[Opening Entries supplied section]

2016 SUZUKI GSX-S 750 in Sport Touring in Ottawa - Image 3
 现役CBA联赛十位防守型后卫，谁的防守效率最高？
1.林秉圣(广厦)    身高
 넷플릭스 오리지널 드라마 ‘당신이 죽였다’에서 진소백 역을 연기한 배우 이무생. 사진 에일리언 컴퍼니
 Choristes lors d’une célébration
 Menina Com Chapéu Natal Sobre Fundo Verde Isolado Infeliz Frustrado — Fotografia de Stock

[Closing Entries supplied section]

**Work order**
Your task is to transcribe each record faithfully and in full.

**Solution for this problem**
2016 SUZUKI GSX-S 750 in Sport Touring in Ottawa - Image 3
 现役CBA联赛十位防守型后卫，谁的防守效率最高？
1.林秉圣(广厦)    身高
 넷플릭스 오리지널 드라마 ‘당신이 죽였다’에서 진소백 역을 연기한 배우 이무생. 사진 에일리언 컴퍼니
 Choristes lors d’une célébration
 Menina Com Chapéu Natal Sobre Fundo Verde Isolado Infeliz Frustrado — Fotografia de Stock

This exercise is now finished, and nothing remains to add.